**TO DO:**
Repeat only the lines below from the one containing "Tappeto Kazak Washed" through the one containing "Штатна магнітола Teyes", inclusive, exactly as written.

Saved entries:
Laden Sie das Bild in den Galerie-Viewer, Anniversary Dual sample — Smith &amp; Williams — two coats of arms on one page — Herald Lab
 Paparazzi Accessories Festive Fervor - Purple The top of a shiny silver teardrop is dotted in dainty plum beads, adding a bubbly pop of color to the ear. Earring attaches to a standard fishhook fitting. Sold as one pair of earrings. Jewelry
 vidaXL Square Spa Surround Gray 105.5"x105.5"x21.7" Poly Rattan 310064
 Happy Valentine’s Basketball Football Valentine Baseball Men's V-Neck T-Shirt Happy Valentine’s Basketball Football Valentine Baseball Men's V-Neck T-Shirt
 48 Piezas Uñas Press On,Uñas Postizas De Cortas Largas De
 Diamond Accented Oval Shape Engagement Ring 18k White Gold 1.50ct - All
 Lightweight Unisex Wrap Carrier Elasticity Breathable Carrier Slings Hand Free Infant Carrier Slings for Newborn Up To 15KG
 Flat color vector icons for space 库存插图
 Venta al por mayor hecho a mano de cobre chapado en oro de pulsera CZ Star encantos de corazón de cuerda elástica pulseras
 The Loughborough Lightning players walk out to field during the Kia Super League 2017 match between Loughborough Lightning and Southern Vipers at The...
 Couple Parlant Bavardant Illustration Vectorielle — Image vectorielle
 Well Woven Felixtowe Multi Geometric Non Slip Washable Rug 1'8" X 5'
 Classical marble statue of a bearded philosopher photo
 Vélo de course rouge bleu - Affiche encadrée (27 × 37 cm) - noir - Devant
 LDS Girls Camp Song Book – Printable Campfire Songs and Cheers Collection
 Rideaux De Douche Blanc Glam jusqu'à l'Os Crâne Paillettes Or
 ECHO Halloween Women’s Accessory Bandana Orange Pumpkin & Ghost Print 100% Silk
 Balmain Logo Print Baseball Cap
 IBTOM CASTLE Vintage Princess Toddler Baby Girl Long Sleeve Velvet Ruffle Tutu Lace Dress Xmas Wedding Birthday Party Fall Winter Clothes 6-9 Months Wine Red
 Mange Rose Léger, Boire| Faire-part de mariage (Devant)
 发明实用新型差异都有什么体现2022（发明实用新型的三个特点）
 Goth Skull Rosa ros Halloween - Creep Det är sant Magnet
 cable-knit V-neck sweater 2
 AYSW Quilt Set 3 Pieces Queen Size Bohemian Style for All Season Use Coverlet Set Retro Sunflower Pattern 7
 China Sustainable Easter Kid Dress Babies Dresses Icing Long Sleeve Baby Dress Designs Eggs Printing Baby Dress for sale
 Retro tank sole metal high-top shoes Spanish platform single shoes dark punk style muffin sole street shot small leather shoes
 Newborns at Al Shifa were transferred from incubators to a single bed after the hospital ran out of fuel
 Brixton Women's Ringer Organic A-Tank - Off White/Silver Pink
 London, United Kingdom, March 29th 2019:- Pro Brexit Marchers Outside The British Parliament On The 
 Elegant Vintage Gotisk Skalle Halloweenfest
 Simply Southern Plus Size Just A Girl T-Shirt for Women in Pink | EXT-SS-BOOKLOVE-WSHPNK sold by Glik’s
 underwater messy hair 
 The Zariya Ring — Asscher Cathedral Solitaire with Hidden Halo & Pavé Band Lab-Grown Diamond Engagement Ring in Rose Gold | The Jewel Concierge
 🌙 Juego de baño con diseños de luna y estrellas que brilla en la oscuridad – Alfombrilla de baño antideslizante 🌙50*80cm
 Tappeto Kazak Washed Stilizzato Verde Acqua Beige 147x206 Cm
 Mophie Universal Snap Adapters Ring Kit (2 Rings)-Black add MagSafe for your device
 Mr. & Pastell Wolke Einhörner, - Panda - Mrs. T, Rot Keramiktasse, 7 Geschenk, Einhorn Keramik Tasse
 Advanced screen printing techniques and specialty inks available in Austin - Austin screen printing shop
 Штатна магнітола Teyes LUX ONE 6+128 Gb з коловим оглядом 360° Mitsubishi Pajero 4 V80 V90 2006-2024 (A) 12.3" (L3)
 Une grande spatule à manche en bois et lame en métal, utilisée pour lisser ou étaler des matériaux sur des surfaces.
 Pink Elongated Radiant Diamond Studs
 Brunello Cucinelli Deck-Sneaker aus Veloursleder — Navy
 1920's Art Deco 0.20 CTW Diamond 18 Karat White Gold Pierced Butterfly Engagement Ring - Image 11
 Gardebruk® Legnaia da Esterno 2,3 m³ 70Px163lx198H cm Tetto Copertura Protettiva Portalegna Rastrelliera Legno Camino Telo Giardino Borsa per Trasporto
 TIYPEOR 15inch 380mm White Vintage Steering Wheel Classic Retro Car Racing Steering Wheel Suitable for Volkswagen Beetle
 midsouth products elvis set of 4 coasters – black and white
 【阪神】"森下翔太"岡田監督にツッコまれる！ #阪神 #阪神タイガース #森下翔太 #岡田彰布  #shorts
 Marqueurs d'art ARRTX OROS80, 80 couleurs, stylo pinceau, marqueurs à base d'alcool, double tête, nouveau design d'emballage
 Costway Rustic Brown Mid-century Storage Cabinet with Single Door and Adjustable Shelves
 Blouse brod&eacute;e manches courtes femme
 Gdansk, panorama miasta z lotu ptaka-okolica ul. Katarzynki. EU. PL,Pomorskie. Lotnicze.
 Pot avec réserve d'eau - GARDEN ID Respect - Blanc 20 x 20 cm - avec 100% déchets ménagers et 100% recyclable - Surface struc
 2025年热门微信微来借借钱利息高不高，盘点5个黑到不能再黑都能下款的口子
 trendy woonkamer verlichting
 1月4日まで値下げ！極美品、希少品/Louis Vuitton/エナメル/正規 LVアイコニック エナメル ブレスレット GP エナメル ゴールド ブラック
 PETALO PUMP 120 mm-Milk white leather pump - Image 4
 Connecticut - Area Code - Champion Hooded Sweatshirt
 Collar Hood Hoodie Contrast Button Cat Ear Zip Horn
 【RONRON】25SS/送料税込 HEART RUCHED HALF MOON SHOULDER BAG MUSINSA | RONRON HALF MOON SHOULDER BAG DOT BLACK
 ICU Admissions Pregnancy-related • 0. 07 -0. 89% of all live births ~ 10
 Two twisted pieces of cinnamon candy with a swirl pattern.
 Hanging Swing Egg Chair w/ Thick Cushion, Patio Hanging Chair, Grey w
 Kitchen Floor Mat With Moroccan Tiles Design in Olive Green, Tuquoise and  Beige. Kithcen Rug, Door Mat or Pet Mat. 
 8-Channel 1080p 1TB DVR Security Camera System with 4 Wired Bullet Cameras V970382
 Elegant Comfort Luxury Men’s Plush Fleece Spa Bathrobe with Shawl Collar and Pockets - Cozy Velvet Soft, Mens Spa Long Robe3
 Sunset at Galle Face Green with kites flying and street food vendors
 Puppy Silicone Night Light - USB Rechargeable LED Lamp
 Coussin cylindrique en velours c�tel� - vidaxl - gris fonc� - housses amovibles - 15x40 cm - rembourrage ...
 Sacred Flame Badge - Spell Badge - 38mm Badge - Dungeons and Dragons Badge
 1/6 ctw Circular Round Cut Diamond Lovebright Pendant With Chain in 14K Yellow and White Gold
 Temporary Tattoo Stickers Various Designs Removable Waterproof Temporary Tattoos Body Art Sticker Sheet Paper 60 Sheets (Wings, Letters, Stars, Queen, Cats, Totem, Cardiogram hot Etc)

**SOLUTION FOR THIS TASK:**
 Tappeto Kazak Washed Stilizzato Verde Acqua Beige 147x206 Cm
 Mophie Universal Snap Adapters Ring Kit (2 Rings)-Black add MagSafe for your device
 Mr. & Pastell Wolke Einhörner, - Panda - Mrs. T, Rot Keramiktasse, 7 Geschenk, Einhorn Keramik Tasse
 Advanced screen printing techniques and specialty inks available in Austin - Austin screen printing shop
 Штатна магнітола Teyes LUX ONE 6+128 Gb з коловим оглядом 360° Mitsubishi Pajero 4 V80 V90 2006-2024 (A) 12.3" (L3)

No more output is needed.